## What to work on
The answer must be an exact copy of the lines from the one with "RoaredBlooming's Webcam Show" to the last line of the entries below, both included, and must contain no pictures.

## Information provided
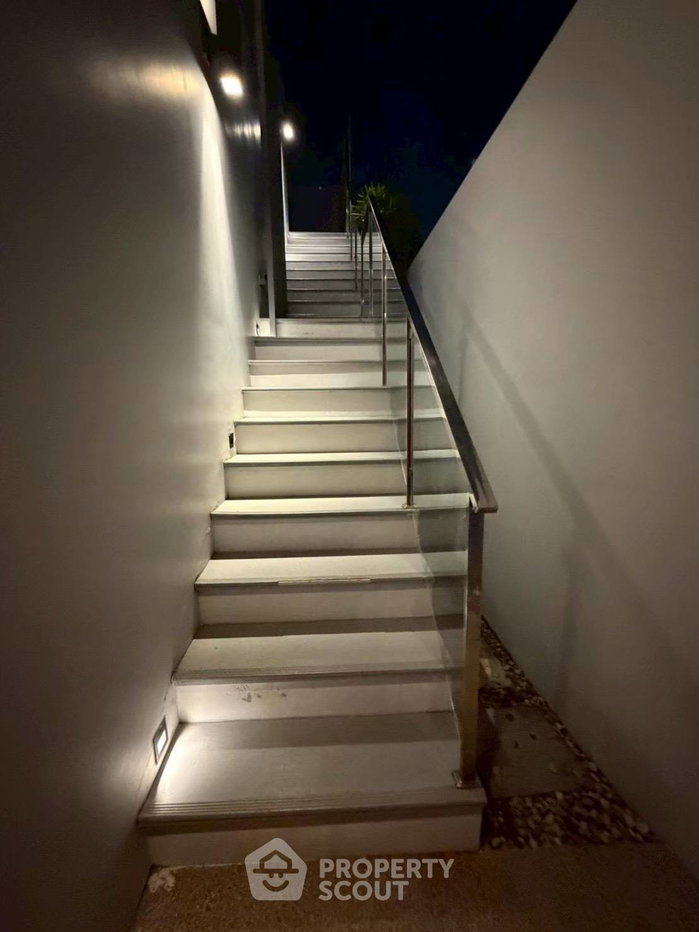 รูป วิลล่า 5 ห้องนอน ขนาด 1200 ตารางเมตร View Point Pool Villa Pattaya พัทยา (ID 3198408) - รูปที่ 25/28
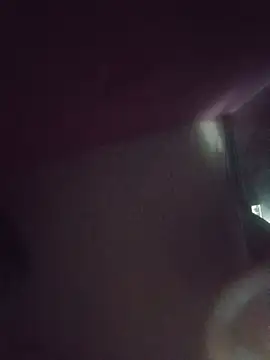 RoaredBlooming's Webcam Show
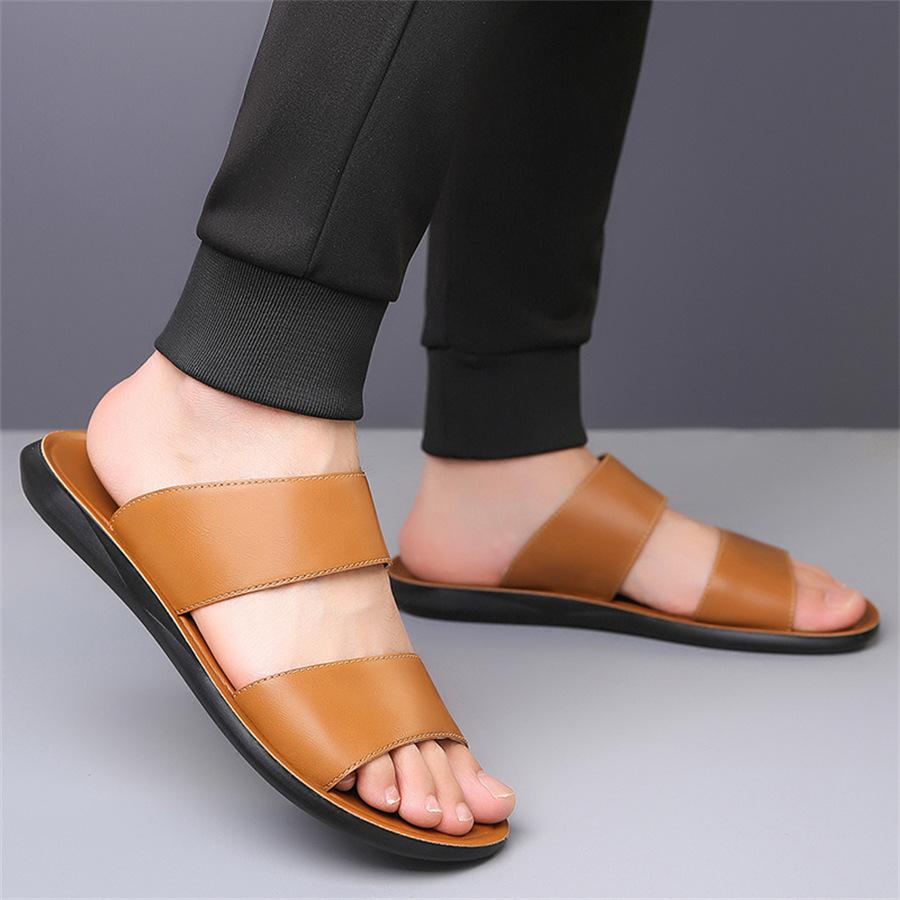 Designer Slippers for Men Summer New Casual Slipper High Quality Leather Slipper Outdoor Non Slip Flat Slippers Men Beach Slides
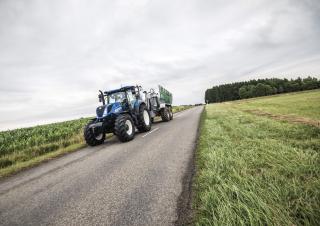 Traktory 4WD New Holland T7.165 S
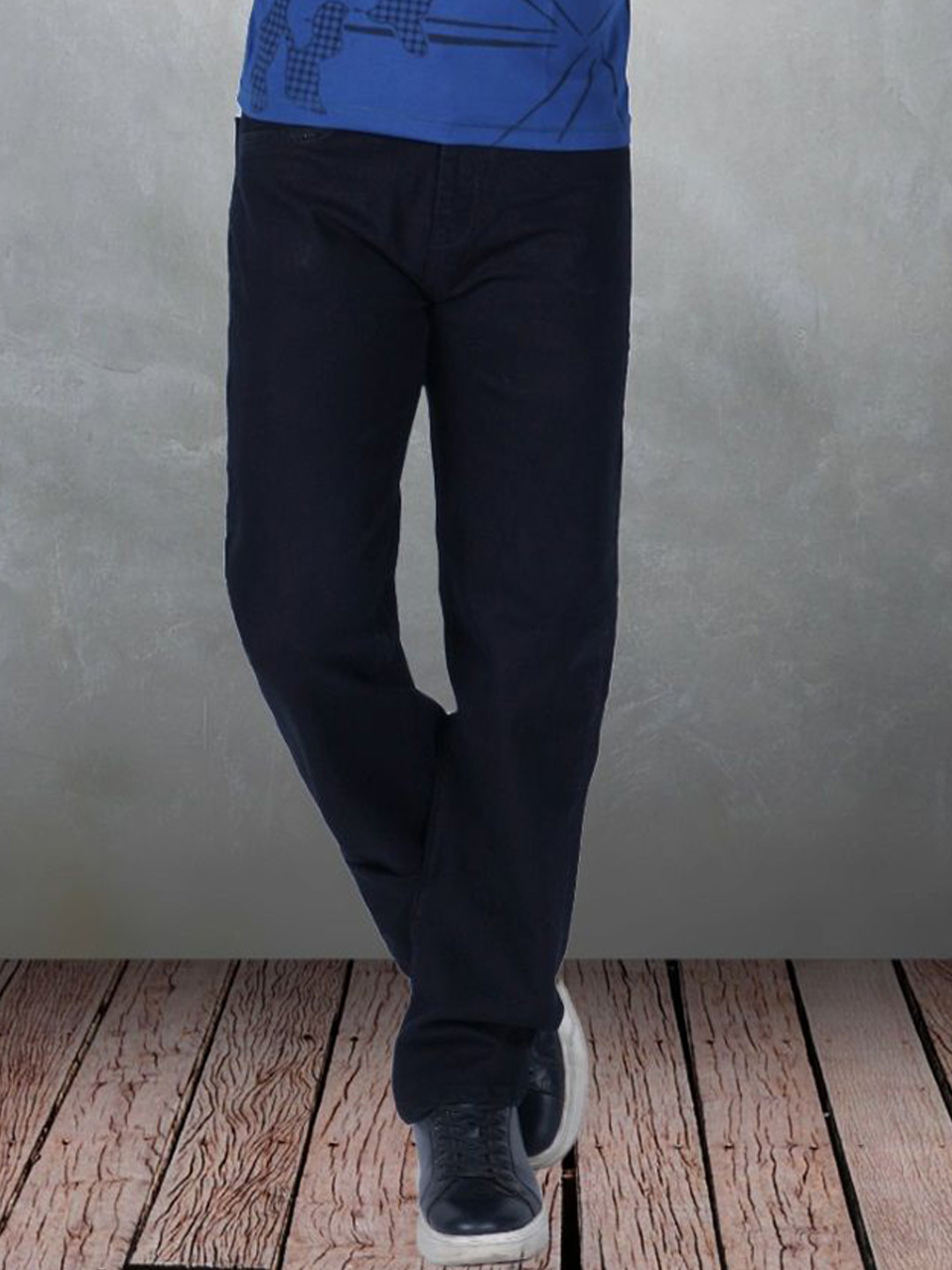 

COMFITS Men Classic Slash Knee Jeans, Black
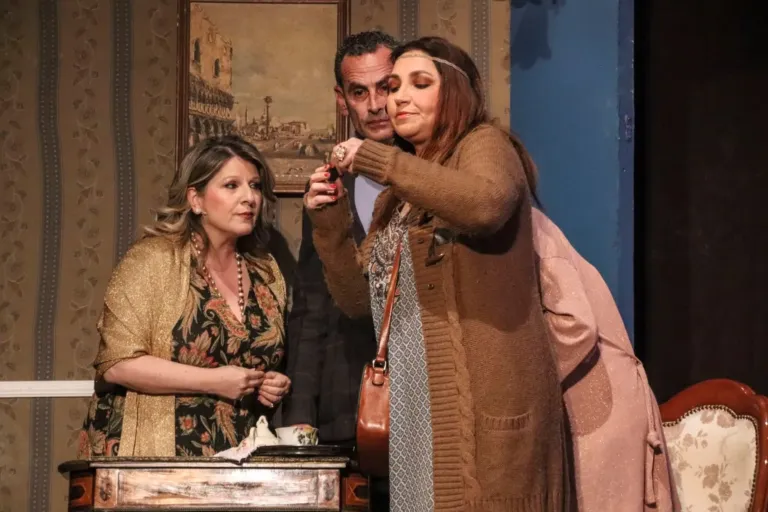 Una parente di troppo, Compagnia Teatrale Jonica: foto di scena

## Solution to the exercise
 RoaredBlooming's Webcam Show
 Designer Slippers for Men Summer New Casual Slipper High Quality Leather Slipper Outdoor Non Slip Flat Slippers Men Beach Slides
 Traktory 4WD New Holland T7.165 S

COMFITS Men Classic Slash Knee Jeans, Black
 Una parente di troppo, Compagnia Teatrale Jonica: foto di scena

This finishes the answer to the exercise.